Vegan Food: It’s Not About Deprivation
There’s a widespread misconception that vegan food has to be healthy and that veganism is the gateway to an eating disorder. Let’s talk about it!
There’s a perception out there that if you don’t eat whole, raw foods, then you’re not vegan. That veganism has to involve some sort of deprivation diet or an eating disorder. This could not be more untrue.
Over the past couple of weeks I feel like I’m seeing a lot of misrepresentation of what is vegan food and what isn’t. It began with The Blonde Vegan blaming her eating disorder on veganism and ended with a comment that I recently read on a plant based forum I belong to.

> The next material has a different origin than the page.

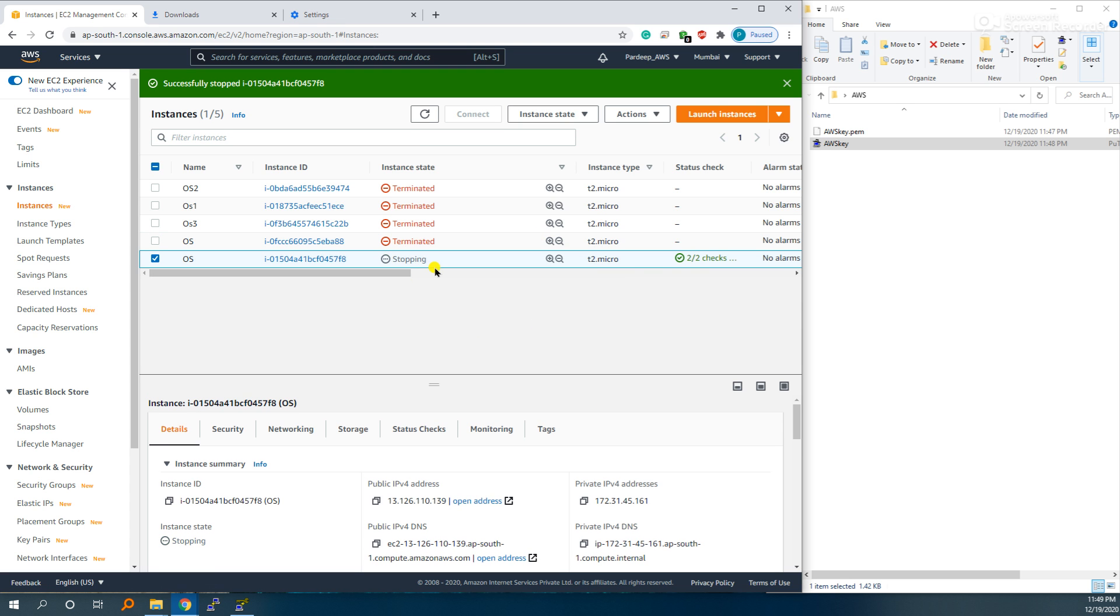Stop instance, and it is stopping. When it is stopped, it is stopped. Thank you.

My heart goes out to Jordan Younger – The Blonde Vegan – and her struggle with food. As someone who’s also had body image problems, I can absolutely relate. Where I take issue is with the idea that vegan food or a vegan diet caused her orthorexia.
Vegan food doesn’t have to be restrictive, but someone who has issues with food can certainly incorporate those anxieties into her veganism. But it’s not fair to say that vegan food was at the root of her problem. Eating disorders are complex, and it takes more than eschewing animal products to cause that sort of self-loathing. This is me speaking from experience. It trivializes eating disorders to imply that veganism alone can cause something as deep and severe as anorexia or orthorexia.

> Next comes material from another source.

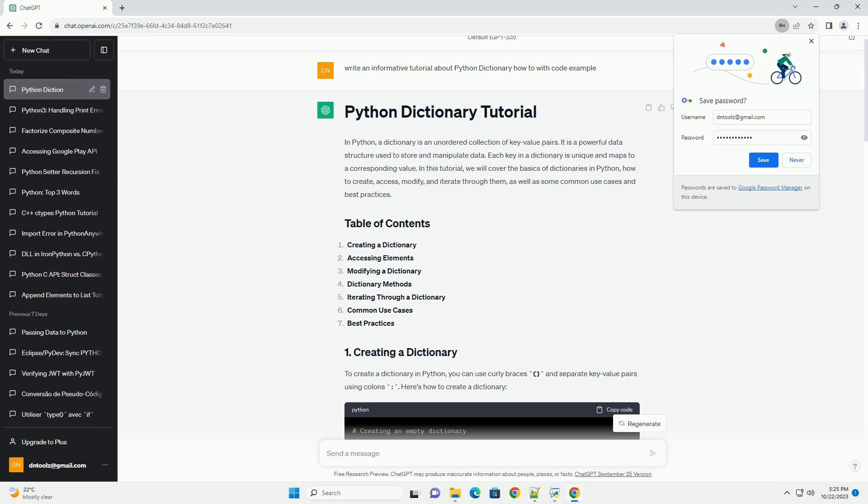Dictionaries in Python are mutable, which means you can modify their values, add new key-value pairs, or remove existing ones. Here's how you can modify a dictionary.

The comment that really upset me didn’t come from an ex-vegan though. It came from a current vegan who said that some people who “claim to be vegan” actually eat processed food. This sort of judgement within the vegan community is doing our movement far more harm than good.
There seems to be this unspoken game of “Who is the most vegan?” within the vegan community, and everyone has a different definition of what vegan food includes. It makes veganism seem unapproachable, and it doesn’t serve animals at all. And isn’t veganism supposed to be about protecting animals?
I want to disspell this myth that you’re not “really” vegan unless you eat not only plant foods, but specific plant foods. No, no, no.
Vegan food doesn’t contain animal products or byproducts. Period.
Here are some examples of vegan food and drinks that you might think are off limits, because they’re not whole foods, and they’re certainly not healthy in excess:
+ Many, many brands of potato chips. Check this recipe for vegan Dorito-crusted tofu, and then tell me that vegan food is about deprivation.
I could list vegan junk foods all day, because there are thousands of options. When I was reading that comment about people who “claim to be vegan,” I was halfway through eating a chocolate bar and on my second glass of wine. Both the chocolate and the wine were animal product free, meaning that they were vegan. Veganism isn’t about a pure diet, I promise!
Veganism is a lifestyle that’s about avoiding animal products as much as humanly possible. If it doesn’t contain animal products and wasn’t tested on animals, it’s vegan. Food doesn’t have to be raw, whole, grain free, sugar free, or gluten free to be vegan. It just has to be animal free.
I’m not saying that I don’t respect plant-strong vegans, gluten free vegans, or grain free vegans. All that I’m saying here is that you don’t need any of those adjectives to be vegan. You just need to embrace a cruelty-free lifestyle, and that lifestyle can include potato chips, wine, cupcakes, and bread if that’s how you want to do it.
This ongoing game of Who’s the Best Vegan is bad news, y’all, and we need to quit it. It doesn’t serve our community, and it doesn’t serve the animals that we’re trying to protect. Pass the potato chips!